A plan to fix the problem
Generally, we don't want to copy replicated data — it's a waste of space! We definitely don't want to do it for large data structures, and in particular, we don't want to do it for arrays. After all, that can change the asymptotic work complexity of a program. So, instead of having replicateP allocate and fill a new array with multiple copies of the same data, we use a special array representation that stores the data (once!) together with the replication count. This is surely the most space efficient representation for a replicated array.
The downside of a special representation is that we now also need to modify all consumers of replicated arrays to accept this new representation and to handle it specially. This leads to some code blow up (each array consumer needs to be able to dynamically decide between two input array representations), and we need to be careful not to disturb fusion.
The trouble with indices
Although, a replicated array stores its replicated payload only once, it needs to be handled with care. When indexing into a replicated array, we still use the same indices as if the array data would have been copied multiple times. That can be a problem in examples, such as treeLookup above where the replicated array iteration-space grows exponentially — even 64bit indices will eventually overflow. However, we can circumvent that problem by taking care in code that consumes replicated arrays.
In the treeLookup example, the table is replicated and grows exponentially. But it is a segmented structure (one segment per copy of the original array) and it is accessed in the base case by a lifted index operation.
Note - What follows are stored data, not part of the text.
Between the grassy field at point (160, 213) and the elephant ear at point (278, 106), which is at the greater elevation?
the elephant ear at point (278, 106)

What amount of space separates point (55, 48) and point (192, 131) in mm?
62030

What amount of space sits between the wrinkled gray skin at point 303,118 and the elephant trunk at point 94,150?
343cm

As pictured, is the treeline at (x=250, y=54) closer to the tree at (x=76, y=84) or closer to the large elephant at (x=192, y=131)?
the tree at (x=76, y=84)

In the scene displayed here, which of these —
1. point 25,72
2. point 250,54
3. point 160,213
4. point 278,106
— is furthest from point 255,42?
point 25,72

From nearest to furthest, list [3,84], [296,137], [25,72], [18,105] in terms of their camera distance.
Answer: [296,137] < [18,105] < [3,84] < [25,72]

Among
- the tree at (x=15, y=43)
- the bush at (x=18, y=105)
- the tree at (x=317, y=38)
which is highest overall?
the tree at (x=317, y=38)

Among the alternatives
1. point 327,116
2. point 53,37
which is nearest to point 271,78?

When you look at the input to that application of lifted indexing, its first argument is huge (the replicated table), but the second argument contains the same data as the original value of xx, albeit segmented into an array with one segment per element. So we have effectively got
[:table, table, ...., table:] !^ [:[:xx_1:], [:xx_2:], ..., [:xx_n:]:]
Note how the xx_i are unchanged. It is only in the implementation of (!^) that the xx_i are blown up to index into the data vector of [:table, table, ...., table:] (which is concatP [:table, table, ...., table:]). It is that multiplication of the xx_i with the prescaned segment descriptor of [:table, table, ...., table:] that will overflow. Notice how that is internal to the implementation of (!^). If the first argument of (!^) is a replicated structure, there is no need whatsoever to perform that multiplication (and subsequent division) and the indices never overflow!
Never take the length of a replicated array
Unfortunately, not only indices blow out, the length of replicated arrays may also overflow 64bit integers. Hence, the consuming code must carefully avoid to take the length of such arrays. This is only the case for replicatePs introduced by the vectoriser. It is the responsibility of the DPH user to ensure that replicatePs that are explicit in the user code do not blow out. (We may want to switch to 64bit indices —at least on 64bit builds— anyway.)
Concrete implementation of replicated arrays
The DPH library is built on the vector package (that provides high-performance sequential arrays). This package heavily relies on a cheap representation of sliced arrays — i.e., arrays of which a subarray is extracted. Such array slices are not copied, but represented by a reference to the original array together with markers for the start and end of the slice.
Replicating and slicing
When implementing replicated arrays, we need to take into account that (1) a replicated may be a sliced vector and (b) that the partitioning of a parallel array across multiple threads requires to slice that parallel array.
* Is this really an issue? After all, we don't replicated thread-local slices of parallel arrays (which in turn may be sliced vectors), but replicate parallel arrays (which are already distributed over multiple threads).